When Treasury representatives were planning to meet last week with the Mayoral Forum in Kaikohe, the NTA analysed the state of the roads in Northland before the rain events began, the costs of repairs then and the cost now and prepared a report spelling out the situation in Northland. While the meeting was cancelled, ironically because of bad weather, the report is a matter of public record and available on Council websites.

Major rainfall events in 2022 - 2023

The rainfall in the past 10 months has been higher than ever recorded in a similar period in Northland.

In the 10 months since July 2022 the Northland roading network has suffered approximately $75M of damage from at least ten significant weather events.

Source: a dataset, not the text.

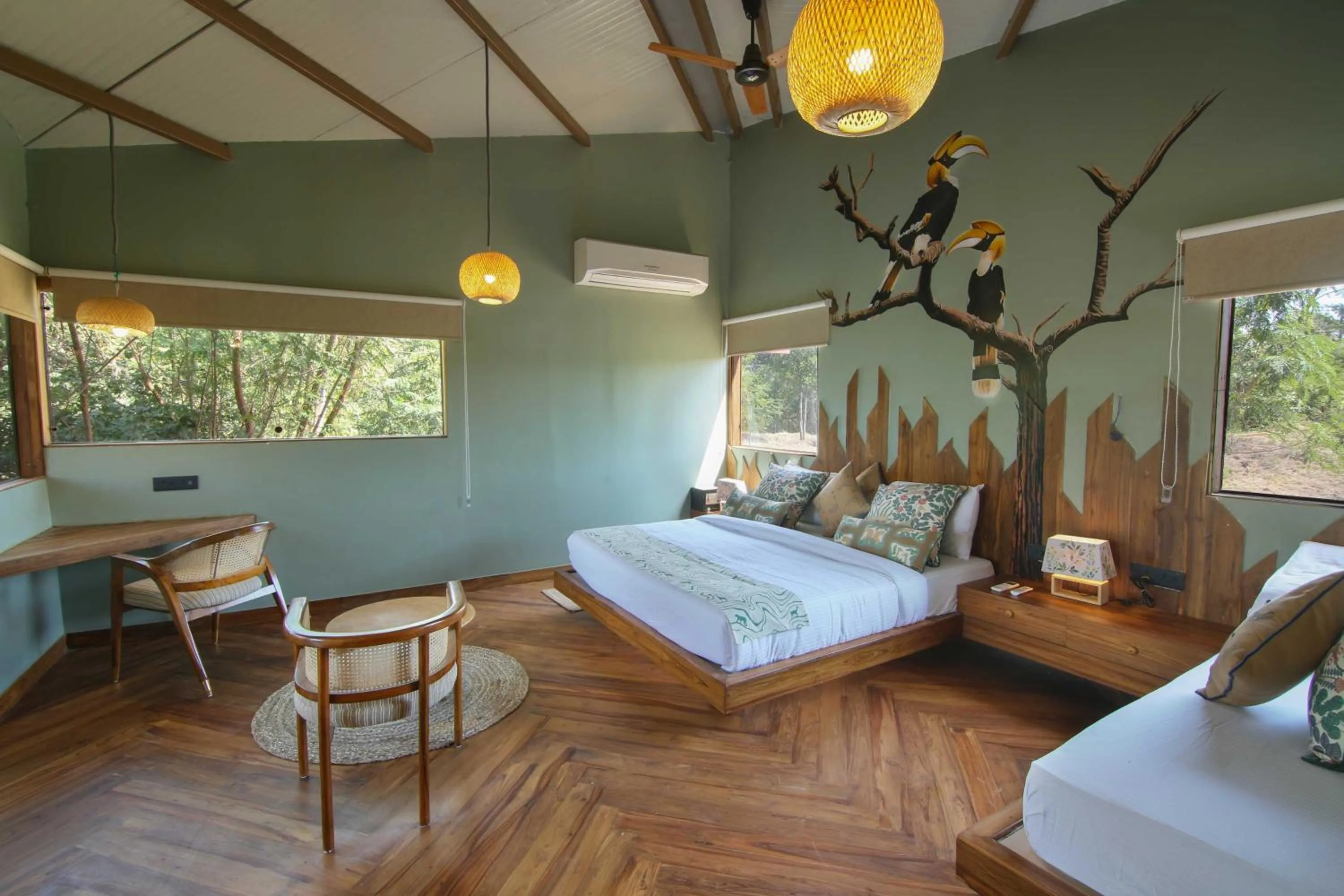Photo of the whole room, Bed in Tadoba Jungle Camp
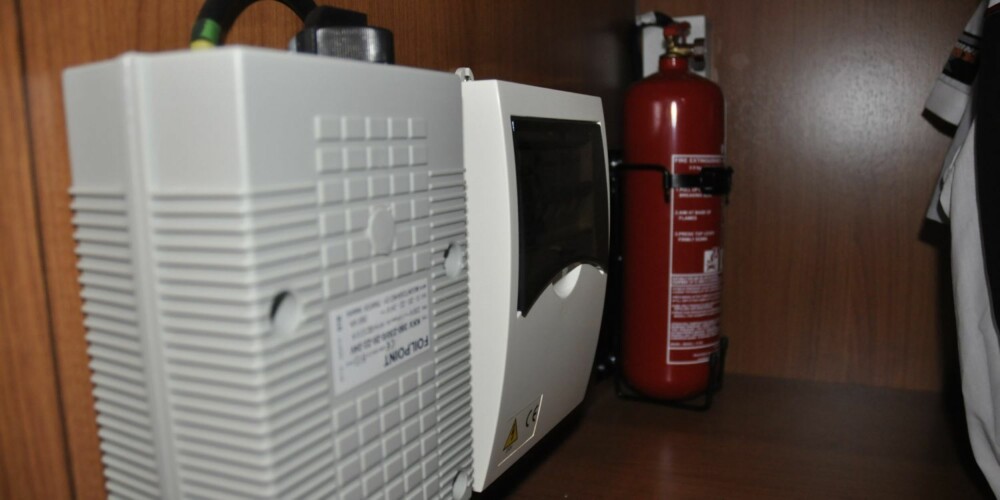 BRANN: Brannslukningsapparatet er plassert lengst inn i garderoben.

  • July 2022 (2 extreme rainfall events)
  • August 2022
  • November 2022
  • January 2023 (Cyclone Hale + Auckland Anniversary weekend)
  • February 2023 (Cyclone Gabrielle + 24 February Mangawhai rainfall event)
  • May 2023 (2 Orange rain warning events)

Numbers tell the story

“Northland has been suffering from under-investment in roading by successive governments for decades now,” Mayor Cocurullo said.

“Prior to Cyclone Gabrielle we had 1,126 live slips across 1,110km of road. Of those, 557 slips were so bad that we have had to close roads to one lane.

This image shows heatmap of the slips on main roads before Cyclone Gabrielle:

Heatmap of the slips on main roads before Cyclone Gabrielle.

“It will cost $36.28M to repair just 116 of these slips and our teams estimated just keeping the roads open will cost $7.25M a year from our maintenance budgets.

“We just don’t have the money, and the $11.4M allocated by central government before the budget will cover repairs to only 32 slip sites (2.8%) over the 2021 - 2024 period.

“The numbers were high and the conditions were bad before, yet the last few months have made the numbers staggering and the conditions appalling.

“We have asked government for $185.5M, just to bring the roads up to the standard they were before July last year and to improve the Brynderwyn detour routes.”

Requests to government

The report makes six requests for funding from central government.

It asks for a total of $185.5M of investment to the Northland Council’s local roading network in addition to the $75M of local road damage repairs already underway as Emergency Works in Northland.

It asks Government to confirm it will provide funding to Waka Kotahi, to continue building its Business Case for the NEW SH1 Brynderwyns Expressway.

It asks for $107.5M to make the two local road detour routes around the Brynderwyns fit for purpose.

It states the region’s councils cannot afford to contribute their share of $17M towards “Emergency Works Financial Assistance” funded work through 2023/24, without further impacting current programmes, and another $36M (that’s $12M a year for three years) is needed to repair 116 of the total 1,126 slips on major local routes.

It explains that water is the enemy of roads, and that improved drainage can have long term benefits. It asks for a $25M one-off payment to address the growing backlog of drainage defects across 3,391km of the Region’s unsealed roads.

The report also asks government to guarantee that it will continue with funding already allocated to Waka Kotahi to repair the SH1 Mangamuka Gorge slips and improve its detour routes.

Funding drainage is key

Poor and underfunded drainage work has been identified as a major weakness, but also an area where great gains could be made for the long-term if resources were provided.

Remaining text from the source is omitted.